The conversation was revealing. As I was to find from this and conversations on other estates there is a 'Georgetown' outlook which is in the main seeking to solve the endlessly complicated problems of British Guiana according to liberal principles; and the 'plantation' outlook which still bears the vestiges of the slave-days. In fairness I should add that there are estate managers, particularly the younger ones, who have already understood the wisdom and moral propriety of the Georgetown attitude. It is obvious that their influence will increase in the future. All the same it would be foolish to deny that many of the men who are in actual contact with the labourforce are conditioned during long years to reject the liberal principles as unrealistic. Toughness, they insist, is the only method of dealing with thousands of workers whose acts of in- / transigence would make 'work-to-rule' trade unionists seem like Stakhanovites. Almost all estate men have begun as overseers, when eighteen or twenty years old, and in the cane fields they learn to regard estate labour as adversaries rather than as allies.

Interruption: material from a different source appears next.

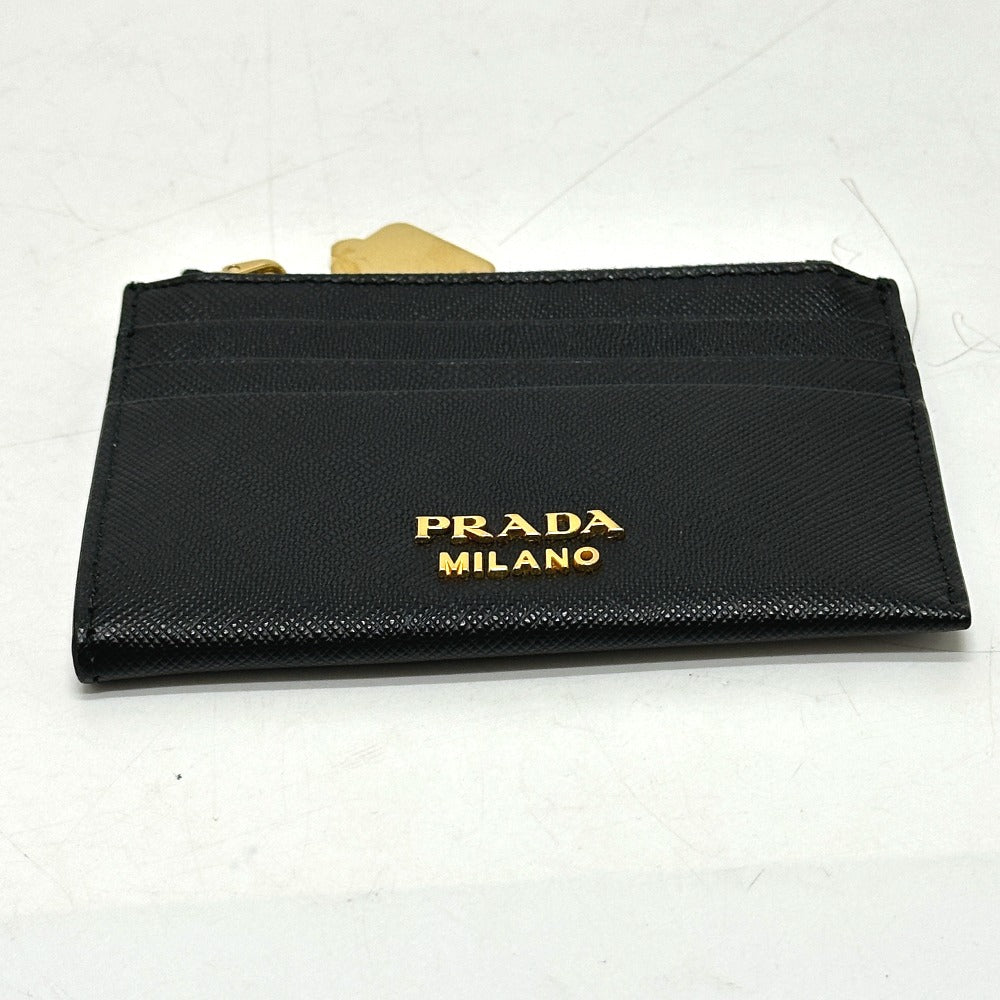 PRADA Coin case Safiano leather black logo robot charm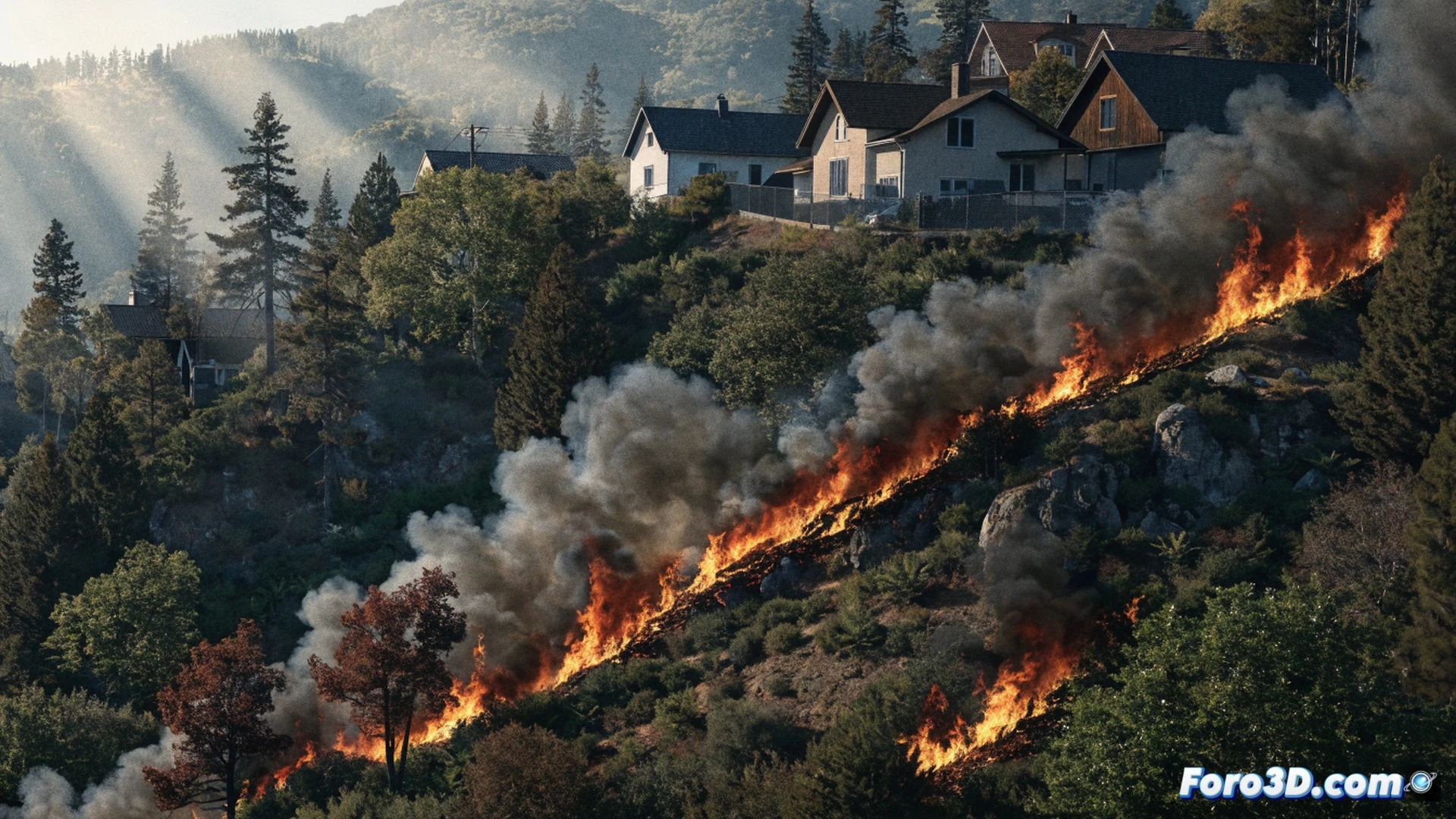 French forest wildfire approaching residential houses, flames consuming dry pine trees while smoke billows toward suburban homes, firefighters in protective gear deploying hoses near a burning fence, evacuation vehicles visible on a winding road, charred garden tools and melted irrigation pipes in foreground, cinematic photorealistic disaster scene, dramatic orange-black sky, ember trails glowing in turbulent wind, ultra-detailed smoke textures, heat haze distortion over asphalt, technical emergency response visualization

The higher authorities in the sugar industry of the Colony are aware that an unfortunate mental climate is produced by this early experience in the fields, and there is no doubt that they are more concerned with labour relations now than ever before; they have appointed personnel managers on the estates and chief personnel officers in Georgetown. (Bookers have also appointed a highly qualified personnel man to their Board of Directors.) Yet constantly, in talking to an overseer, I would find that he had no conception of the basic problems of the country he was living in, that it had a land problem and a population problem. There is no doubt that living and working conditions on the sugar estates inevitably bear hard on the young overseer, who is often discontented and lives for the time when he will move up in the hierarchy and leave the fields. But by that time his mind has become conditioned to a manner of thinking which has certainly in the past—had a malign effect on the general happiness of the Colony.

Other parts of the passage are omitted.